Más o menos en el mismo momento el Lobo se encontraba al lado de su coche, contemplando una rueda que estaba prácticamente deshinchada. Estaba justo fuera de su casa, cargado con el maletín con la grabadora y la libreta y todas las preguntas que se le habían ocurrido para la sesión con el experto forense de la Asociación Americana de Escritores de Novela Negra. La luz del atardecer se iba apagando a su alrededor y lo primero que le vino a la cabeza fue que se perdería la charla por culpa de un poco de mala suerte, aunque no fuera tan raro. Le dio una patada a la rueda, enfadado. Se agachó y buscó el clavo que había causado el pinchazo y que había pisado pero no lo veía. Era igual de probable que se hubiera dado un golpe contra uno de los baches tan habituales en las calles de Nueva Inglaterra, que hubiera torcido la llanta del neumático y que aquello fuera la causa del problema. Sabía que tenía que llamar a la grúa, hacer que le cambiaran el neumático, perder tiempo al día siguiente arreglando los daños y todo aquello le apartaría de lo que realmente tenía ganas de hacer, que era seguir cercando a las tres Pelirrojas.

Se volvió para entrar en casa y vio a la señora de Lobo Feroz de pie en el umbral.

—¿Qué pasa, cariño? —preguntó.

—Rueda pinchada. Tendré que llamar al taller y…

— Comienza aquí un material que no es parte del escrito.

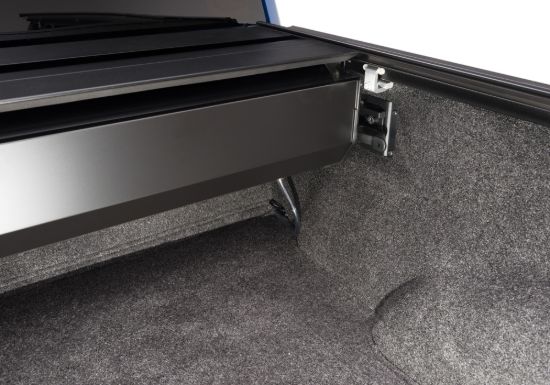 RETRAX F-150 5.5' BED15+ - 60373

Ella sonrió y le interrumpió.

—Coge mi coche. Llamaré al seguro y esperaré a la grúa. Vendrán enseguida. No me importa lo más mínimo y así puedes ir a la reunión de documentación.

—¿Seguro que no te importa? —preguntó el Lobo Feroz, alegrándose considerablemente por la oferta—. Es una putada, lo sé…

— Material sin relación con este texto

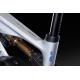 LAPIERRE OVERVOLT GLP III SE 2025
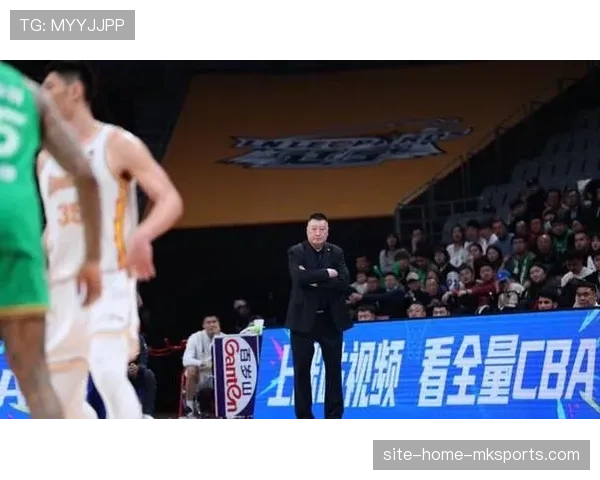 辽宁本钢排名第九基本确定 首轮季后赛对手或为山东 辽宁本钢排名第九基本确定 首轮季后赛对手或为山东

—Ni lo más mínimo. De todos modos iba a ponerme a ver la tele mientras tú no estás. No me cuesta nada esperar al de la grúa mientras tanto.

Le tendió las llaves de su coche.

—Cuida de mi niño —dijo, en broma—. Ya sabes que no le gusta correr mucho por la autopista.

El Lobo Feroz consultó la hora. Seguía teniendo tiempo de sobras.

—Vale, cariño —dijo alegremente—. Gracias. Llegaré tarde. Deja una luz encendida dentro y no te despertaré cuando llegue.

—Puedes despertarme. No pasa nada —dijo ella.

Se trataba de una conversación de lo más rutinaria y habitual, como la que mantenían un millón de parejas cada día con pequeñas variaciones. Era síntoma de normalidad.

—Toma —añadió el Lobo Feroz—. Toma las llaves de mi coche por si el de la grúa tiene que ponerlo en marcha.

Se las tendió a su mujer sin pensar y se situó al volante del coche de ella. Le dedicó un saludo desenfadado al salir por el camino de entrada.